When you reach the line holding "Un espace d’accueil", please begin to restate the lines word for word and continue through the last one in the material, excluding pictures.
-- Opening Marker --
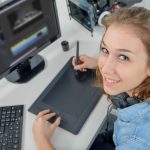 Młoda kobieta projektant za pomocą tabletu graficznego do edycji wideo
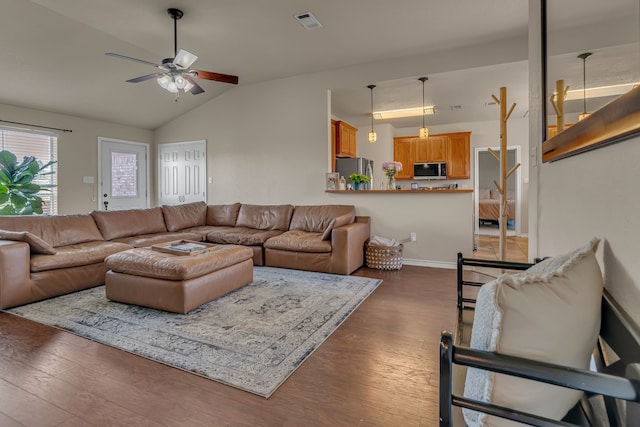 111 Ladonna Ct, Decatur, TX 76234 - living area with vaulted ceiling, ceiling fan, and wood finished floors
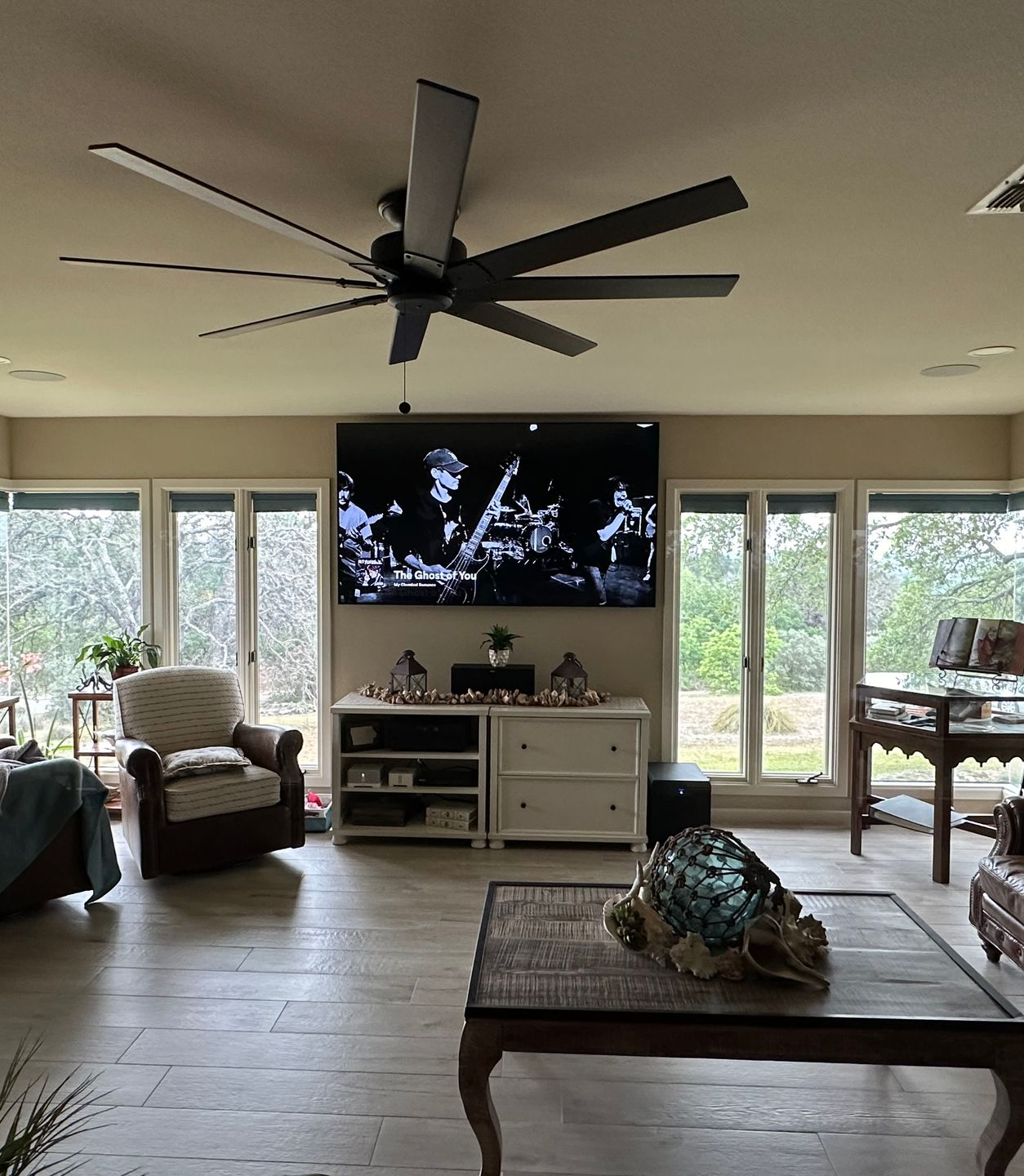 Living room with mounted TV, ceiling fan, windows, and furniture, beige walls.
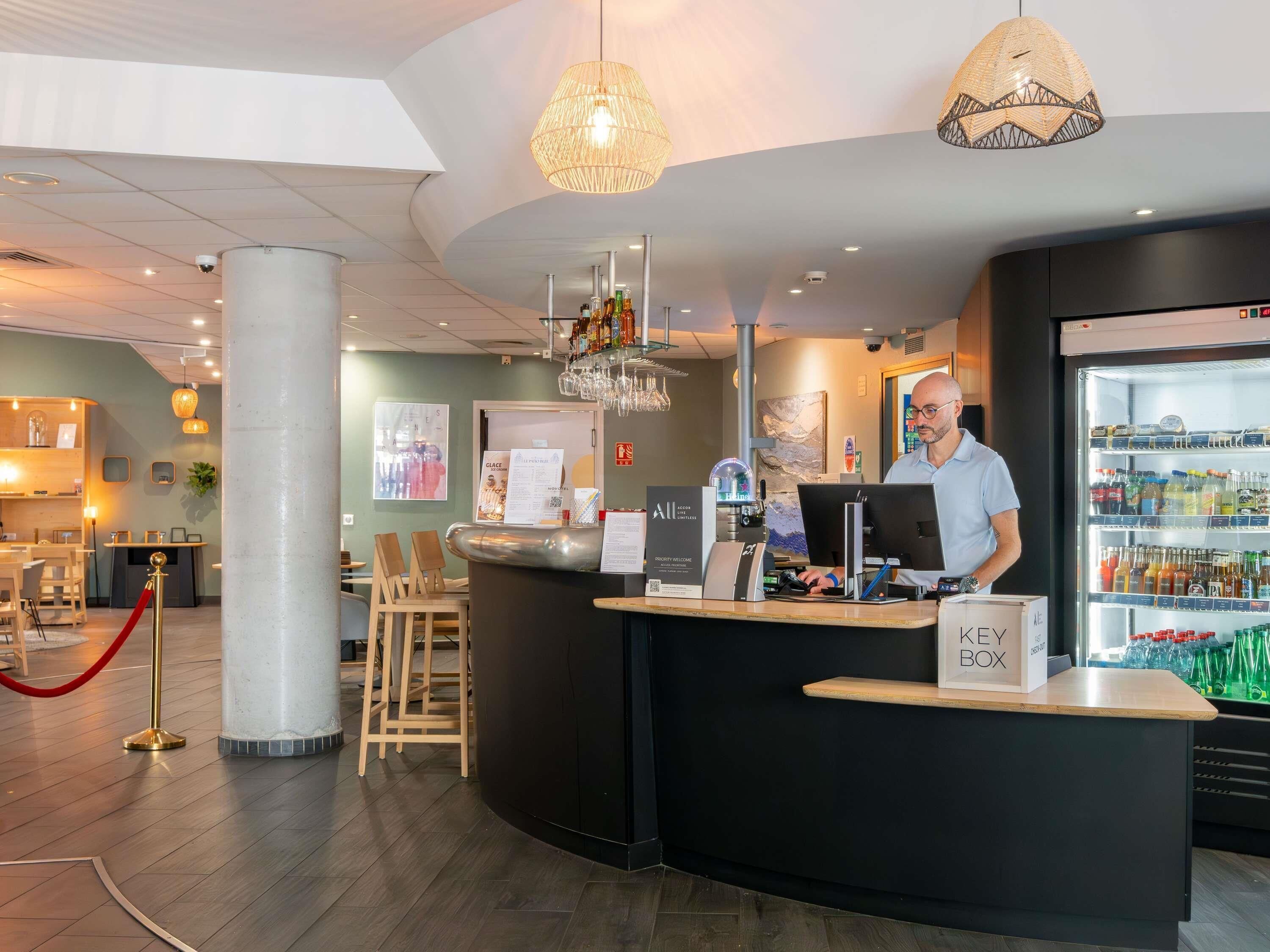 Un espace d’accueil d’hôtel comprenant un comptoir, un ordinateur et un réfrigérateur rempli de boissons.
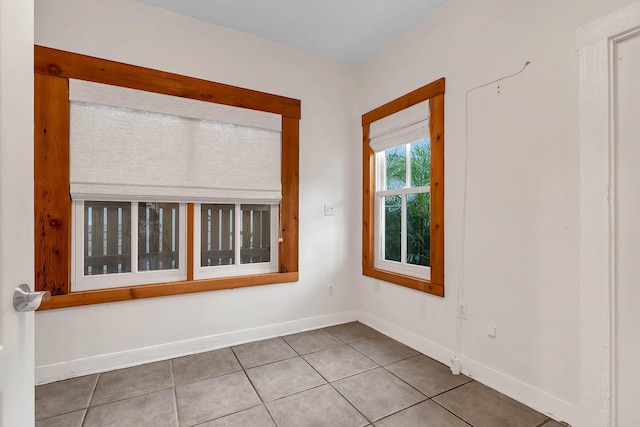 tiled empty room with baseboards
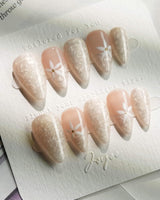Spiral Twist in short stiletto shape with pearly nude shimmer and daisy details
-- Closing Marker --
**TASK OUTPUT**
 Un espace d’accueil d’hôtel comprenant un comptoir, un ordinateur et un réfrigérateur rempli de boissons.
 tiled empty room with baseboards
Spiral Twist in short stiletto shape with pearly nude shimmer and daisy details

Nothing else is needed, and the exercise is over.